Never underestimate the power of stupid people in large groups.
You're assuming that Joe Sixpack can understand the concept of "savings over time". All he sees is that he can buy a 4-pack of incandescents for the same price as one CFL. As far as he's concerned that makes the CFL more expensive RIGHT THEN, and that's all he cares about.
Of COURSE CFLs are more efficient over time (both in terms of energy consumption and replacement cost). This isn't controversial at all, it's a plain fact. (Granted, the cost of disposal eats into those savings, but you're still ahead of the game in the long run.) It's also irrelevant to most people when they make a purchase. Without the force of a ban, those people will still continue to buy the cheaper incandescents.
Never underestimate the power of stupid people in large groups.
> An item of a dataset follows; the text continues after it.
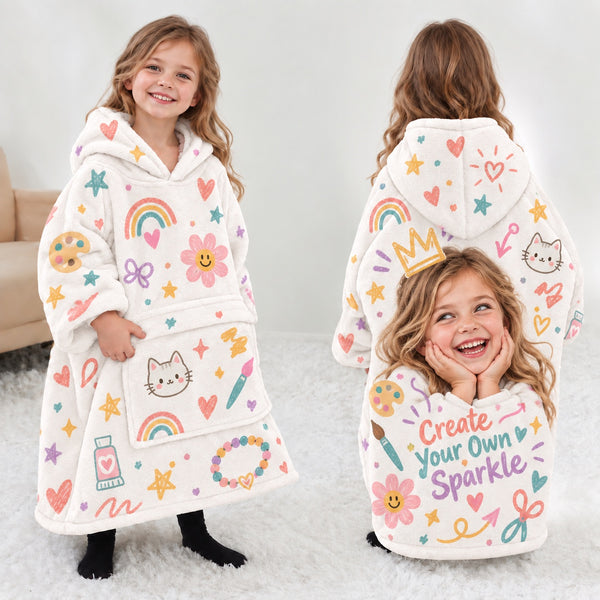 Personalized Create Your Own Sparkle Blanket Hoodie | Jolliboo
That would be a valid argument if we had a free market economy. We don't. In a true free market, people would weigh the costs and benefits of each purchase both to themselves and to the society in general. Free markets require educated, thoughtful consumers. We don't have those. We have people who shop at Wal*Mart and think it's great that pickles only cost $3 instead of $3.50.
If you don't like the laws being passed, write your congressman. Until then, they're doing the job we elected them to do. If the majority of voters don't like what an elected official does, they get voted out of office. If the majority of voters find these kinds of laws inappropriate or objectionable, they'll remove them from office.
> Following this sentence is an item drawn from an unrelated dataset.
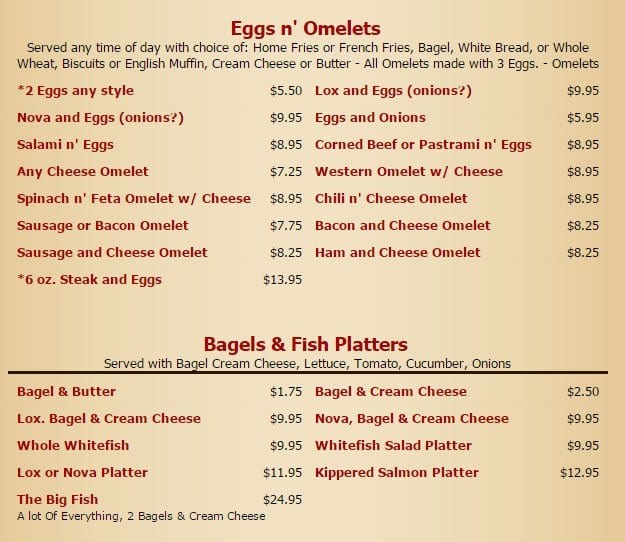 Menu at Boychiks Deli restaurant, Tuckahoe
Never underestimate the power of stupid people in large groups.
It seems to me that the non-"educated, thoughtful consumers" in our free market have a different value system than you do. You look at that jar of Wal*Mart pickles and see lost jobs, so you buy the local jar instead for more money. The rest of the consumers act exactly as economics predicts -- they look at the price ($3 is less than $3.50), they look at the elasticity of the product (a pickle is a pickle, whether it's from China, Mexico, or California), and they act. In this case, economics dictates that people will tend to buy the $3 Wal*Mart pickle because it's the lowest price for a highly elastic good.
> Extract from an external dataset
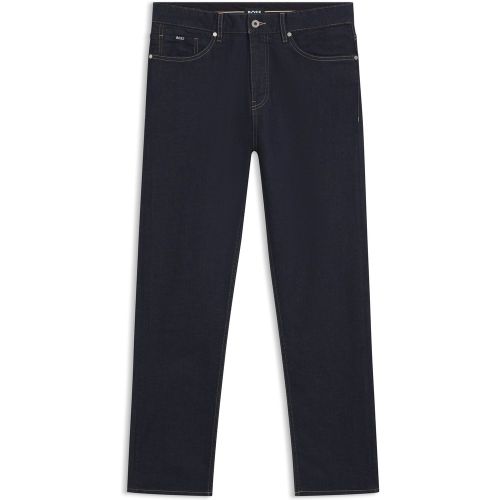 Jean à la coupe droite en denim stretch indigo - Boss - Modalova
I would argue that this is where our lack of "educated, thougthful" citizens actually matters. The same people who are capable of operating optimally in a free market (because the free market was designed around true, rational human behavior) fall apart when dealing with politics (because politics revolves around idealized concepts of human nature that aren't in the least bit true). This is why you can have people voting in xenophobic candidates (stop illegal immigration, stop out-sourcing of jobs overseas, etc) who then turn right around and buy imported goods from the likes of Wal*Mart. Which is the correct behavior? Neither, because "correct" is not the right word. The "natural" behavior is the latter, because price will always be the biggest factor in any economics, to the point where most everything else just factors out. The former is a mix of gullibility and wishful thinking.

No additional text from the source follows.